4.2. Lithium-Ion Battery
Two-dimensional NMs like MXene have garnered significant attention in the field of Li-ion batteries (LIBs) due to their shorter solid-state diffusion lengths, which can lead to improved rate performance [97]. LIBs are a kind of secondary battery that primarily rely on the movement of Li+ between positive and negative electrodes to function. Therefore, the primary performance parameters of 2D NMs for application in LIBs are battery capacity, cycle life, and internal resistance [98]. Given their exceptional performance characteristics, the materials can be utilized as anode materials and functional separators within such batteries.
The primary function of the anode in LIBs is to facilitate the intercalation and deintercalation of Li+ during charging and discharging, respectively. Due to their layered structure, two-dimensional NMs provide a favorable pathway for Li+ diffusion while maintaining structural stability throughout cycling. Therefore, they are promising candidates as anode materials. Syamsai et al. [99] successfully prepared bi-metallic titanium-tantalum carbide (TixTa(4−x)C3) MXene. The TixTa(4−x)C3 MXene exhibited a remarkably high reversible specific discharge capacity of 459 mAh g−1 as a Li-ion host anode, with a coulombic efficiency of approximately 99% after 200 cycles and a capacity retention of about 97%. Qian et al. [100] developed a versatile electrodeposition method for fabricating robust, flexible, and self-supporting MXene@M (M = Sb, Sn, and Bi) anodes for LIBs. Thanks to the incorporation of the 2D MXene buffer layer, these hybrid anodes demonstrated remarkable structural stability when compared to bulk metal anodes without MXene. For instance, the MXene@Sb anode consistently maintained a high reversible capacity of 516.8 mAh g−1 over 500 cycles.
4.3. Photodetector
A photodetector is a device that converts radiation from the surface of a material into an electrical signal, with its performance parameters primarily including detection wavelength and photoresponsivity. Graphene plasmonics has made rapid progress in recent years owing to graphene’s unique electrical and optical properties, tunability, long-lived collective excitation, and extreme light confinement [103]. Two-dimensional NMs, like BP and TMDs, possess several advantages, such as high surface specific area, atomic-level flatness, high carrier mobility, strong matter-light interactions, robust mechanical toughness, and effective gate control while lacking any surface dangling bonds. Additionally, they exhibit high portability [104]. Therefore, graphene and other 2D NMs, such as transition metal dichalcogenides (TMDs), have emerged as highly promising building blocks for opto-electronic applications, particularly in the field of photodetection [105]. Single-element 2D NMs are extensively employed in high-frequency, broad-spectrum photodetectors due to their excellent properties, including high mobility and a narrow band gap [106]. Polat et al. [107] presented a novel wearable device that employs graphene sensitized with semiconducting quantum dots (GQD), exhibiting exceptional tunability in responsivity and achieving a peak responsivity of approximately 10−5 A W−1 near the charge neutrality point (CNP). Moreover, their approach offers a scalable solution for integrating graphene into fully flexible wearable circuits, enhancing their physical appearance, tactile sensation, durability, and functionality.

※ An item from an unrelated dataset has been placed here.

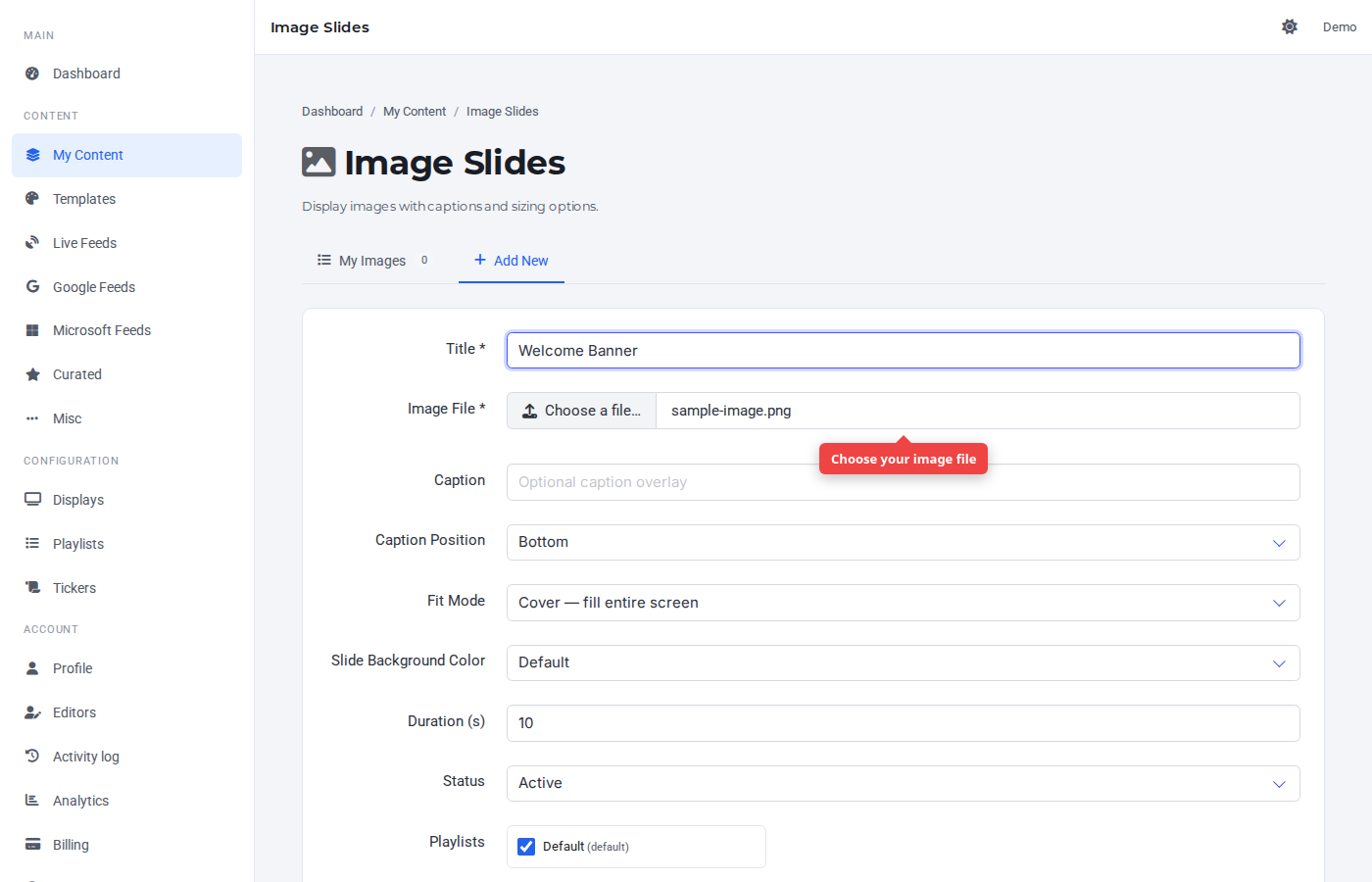 Form with file input highlighted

However, single-element 2D NMs exhibit high chemical reactivity and are susceptible to oxidation in air. In contrast, dual-element 2D NMs demonstrate superior stability [112]. Therefore, more attention is being paid to investigations on photodetectors based on dual-element 2D NMs. PdSe2 possesses unique properties that enable it to achieve broadband detection. The bandgap of PdSe2 and its unique pentagonal atomic structure is dependent on the thickness, allowing for a narrowing from 1.3 eV in a single layer to 0 eV in bulk. The devices fabricated using fewer-layered PdSe2 have demonstrated exceptional ambipolar semiconducting characteristics, including high electron-apparent field-effect mobility at room temperature, reaching up to 158 cm2 V−1 s−1 [113]. Additionally, photodetectors based on PdSe2 were fabricated by Wu et al. [114], exhibiting a high responsivity of 1758.7 mA W−1 and an external quantum efficiency of 95% at a wavelength of 1550 nm, with a transmission speed exceeding 2.5 Gbit s−1.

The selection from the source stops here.